[ 
https://issues.apache.org/jira/browse/AVRO-27?page=com.atlassian.jira.plugin.system.issuetabpanels:comment-tabpanel&focusedCommentId=12706754#action_12706754
 ] 

Scott Carey commented on AVRO-27:
---------------------------------

An outsider here -- I've got an idea on how to avoid the performance pitfalls 
of COBS' byte-by-byte nature and as I thought through it, I spotted many other 
opportunities for enhancement since larger chunks afford a lot more bits in the 
Code that can be used for things other than the length of the following literal 
chunk.

h2. Proposal -- COLS, a modification of COBS 
h3. (for greater performance and extensibility for large data streams) 

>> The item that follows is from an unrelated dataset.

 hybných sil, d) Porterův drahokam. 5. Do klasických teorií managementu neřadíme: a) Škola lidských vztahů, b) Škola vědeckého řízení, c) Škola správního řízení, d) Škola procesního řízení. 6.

Java is particularly bad at byte-by-byte operations.  The COBS paper clearly 
indicates its design intention was stuffing data through embedded systems such 
as telephone lines and other networks where byte-by-byte processing of the 
whole payload is already mandatory.

Doing so here would be a performance bottleneck in Java.  Some simple tests can 
be constructed to prove or disprove this claim.

I propose that rather than use COBS, one uses COLS or COWS ... that is Constant 
Overhead Long Stuffing or Constant Overhead Word Stuffing instead.

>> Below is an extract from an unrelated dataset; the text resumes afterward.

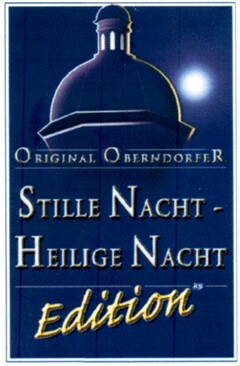 ORIGINAL OBERNDORFER STILLE NACHT - HEILIGE NACHT Edition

This would be inefficient if we expect most payloads to be small (less than 256 
bytes), but I suspect most hadoop related payloads to be large, and often very 
large.

I favor stuffing Longs rather than Ints, since most systems will soon be 
running 64 bit JVMs in the future.  Sun's next JRE release has Object Pointer 
Compression, which makes the memory overhead of a 64 bit JVM very small 
compared to a 32 bit JVM, and performance is generally faster than the 32 bit 
JVM due to native 64 bit operations and more registers (for x86-64 at least).
http://blog.juma.me.uk/2008/10/14/32-bit-or-64-bit-jvm-how-about-a-hybrid/

I will describe the proposal below assuming a translation of COBS to COLS, from 
1 byte at a time to 8 byte at a time encoding.  However, it is clear that a 4 
byte variant is very similar and may be preferable.

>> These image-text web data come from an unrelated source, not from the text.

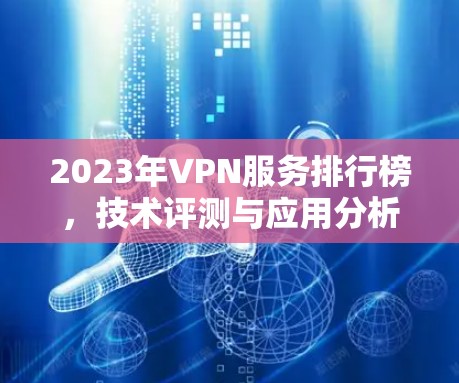 2023年VPN服务排行榜，技术评测与应用分析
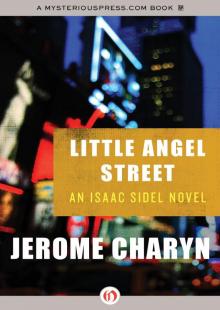 Little Angel Street (The Isaac Sidel Novels) Little Angel Street (The Isaac Sidel Novels)
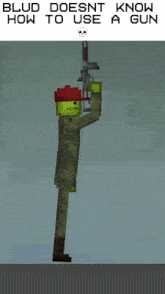 a pixel art of a man holding a gun with the words " blud doesnt know how to use a gun " below him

h3. Proposed Changes -- Simple Block format with COLS

|| name || format || length in bytes || value || meaning ||
| sync | byte | *8* | *0L* | The sync *long* serves as a clear marker for the 
start of a block |
| type | 1 byte | 1 | non-zero | The type field expresses whether the block is 
for _metadata_ or _normal_ data. *note - if this is only ever going to be a 
binary flag, it can be packed into the length or sequence number as a sign 
value.*   *However, it is decoding performance critical to keep the non-COLS 
header 8 byte aligned*|
| block sequence number | 3 byte unsigned int | 3 bytes | 0 - 2^24 | the block 
sequence number -- a client can use this to resume a stream from the last 
successful block. This may not be needed if the metadata blocks take care of 
this. | 
| length | fixed 4 byte signed int | variable | *>= 0L* | The length field 
expresses the number of bytes of COLS_payload data in bytes.  Useful for 
skipping ahead to the next block.  |
| COLS_payload | *COLS* | *length as above* | see COLS description below | The 
data in this block, encoded. |

The above would put cap the stream length to 2GB * 16M = 32PB.  There is room 
to increase this significantly by taking bits from the type and giving those to 
the block count.  2GB blocks are rather unlikely for now however -- as is 
multi-PB streams. 

h4. Discussion
* The entire stream would need to be 8 byte aligned in order to process it 
cleanly with something like java.nio.LongBuffer.  This would include metadata 
blocks.
* The sequence is assumed to be in network-order.   Endianness can be handled 
and is not discussed in detail here.
* The type can likely be encoded in a single bit in the block sequence number 
or length field.  If more than two types of blocks are expected, more bits can 
be reserved for future use.
* The length can be stored as the number of longs rather than bytes (bytes / 8) 
since the COLS payload is a multiple of 8 bytes.
* The COLS payload here differs from the original proposal.  It will have an 
entire COBS-like stream, with possibly many COLS code markers (at least one per 
0L value in the block data).
* One may want to have both the encoded length above, and the decoded length 
(or a checksum) as extra data validation.  Perhaps even 4 types:  METADATA, 
METADATA_CSUM, NORMAL, NORMAL_CSUM -- where  the ordinary variants store the 
length (fast, but less reliable) and the _CSUM variants store a checksum 
(slower, but highly reliable).

h3. Basic COBS to COLS description
COBS describes a byte-by-byte encoding where a zero byte cannot exist, and a 
set of codes are used to encode runs of data that does not contain a zero byte. 
 All codes but but one have an implicit trailing zero.  The last block is 
assumed to have no implicit zero regardless of the code.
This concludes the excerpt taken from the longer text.